**RECORDS FOR THE TASK**

----------------

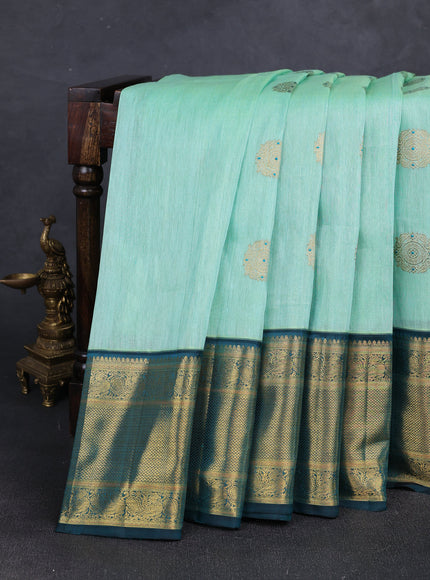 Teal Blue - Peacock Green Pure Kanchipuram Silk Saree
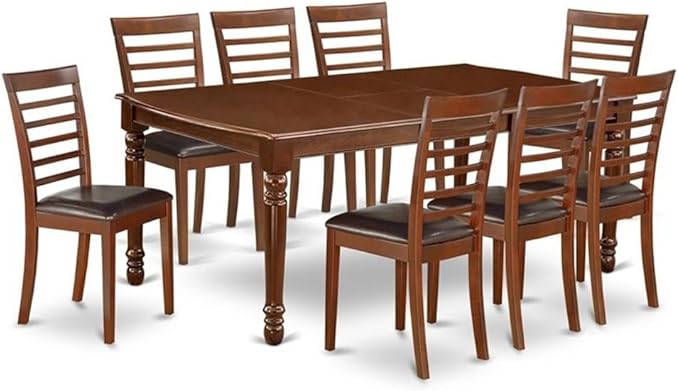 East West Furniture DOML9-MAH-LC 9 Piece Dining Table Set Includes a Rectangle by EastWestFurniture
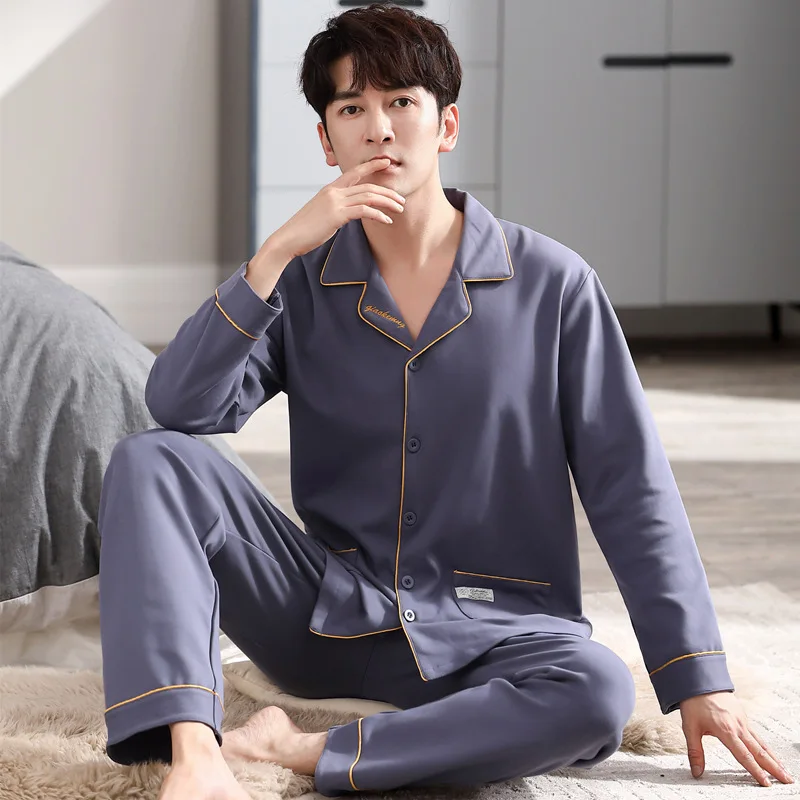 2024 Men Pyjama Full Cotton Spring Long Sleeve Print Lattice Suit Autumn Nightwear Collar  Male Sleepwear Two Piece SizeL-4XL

----------------

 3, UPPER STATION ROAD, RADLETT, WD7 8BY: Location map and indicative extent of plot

----------------

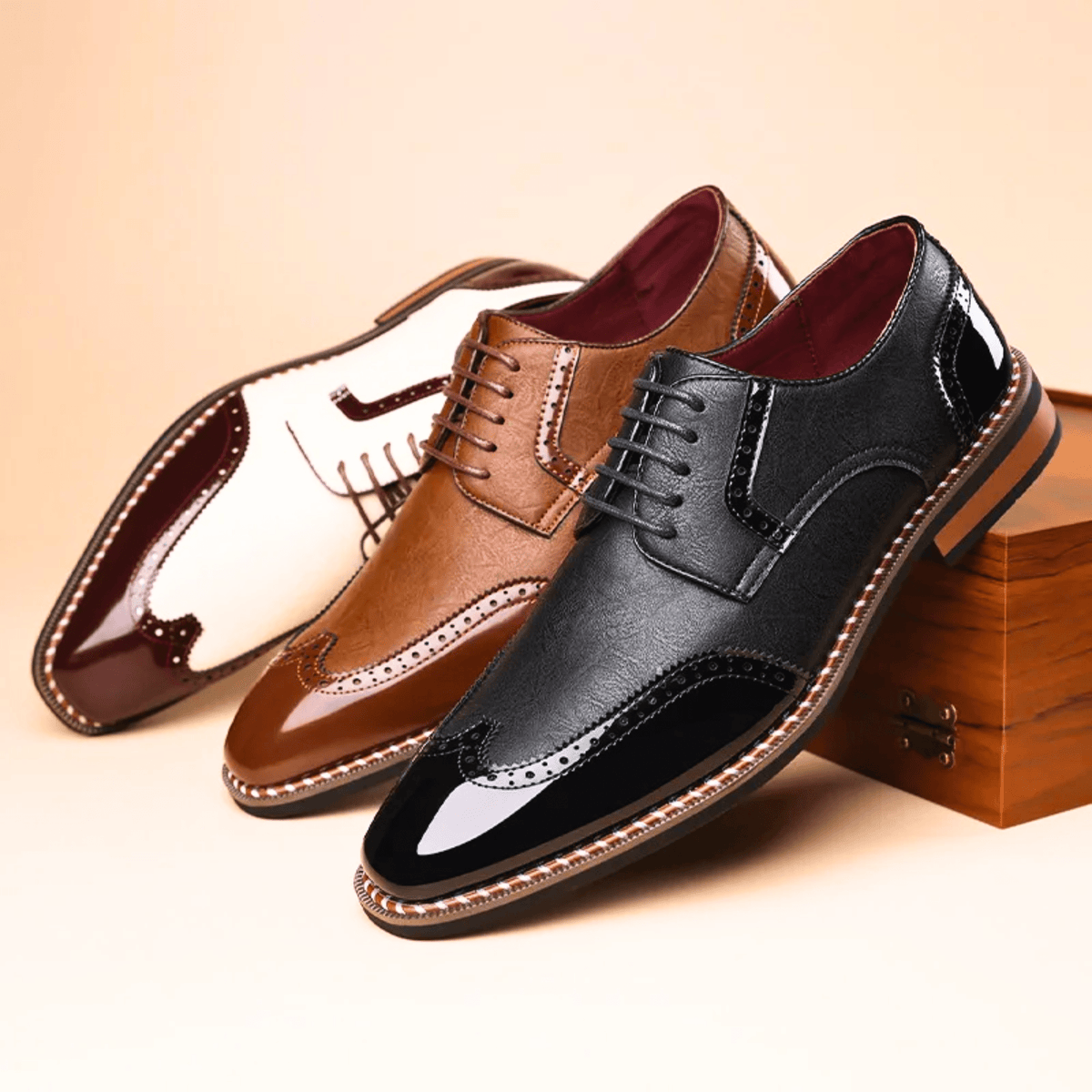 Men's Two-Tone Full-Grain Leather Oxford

----------------

**WHAT IS BEING ASKED**
While skipping the pictures, transcribe the data above from the line showing "Teal Blue - Peacock" through the line showing "2024 Men Pyjama", exactly and with both ends.

**SOLUTION TO THIS TASK**
 Teal Blue - Peacock Green Pure Kanchipuram Silk Saree
 East West Furniture DOML9-MAH-LC 9 Piece Dining Table Set Includes a Rectangle by EastWestFurniture
 2024 Men Pyjama Full Cotton Spring Long Sleeve Print Lattice Suit Autumn Nightwear Collar  Male Sleepwear Two Piece SizeL-4XL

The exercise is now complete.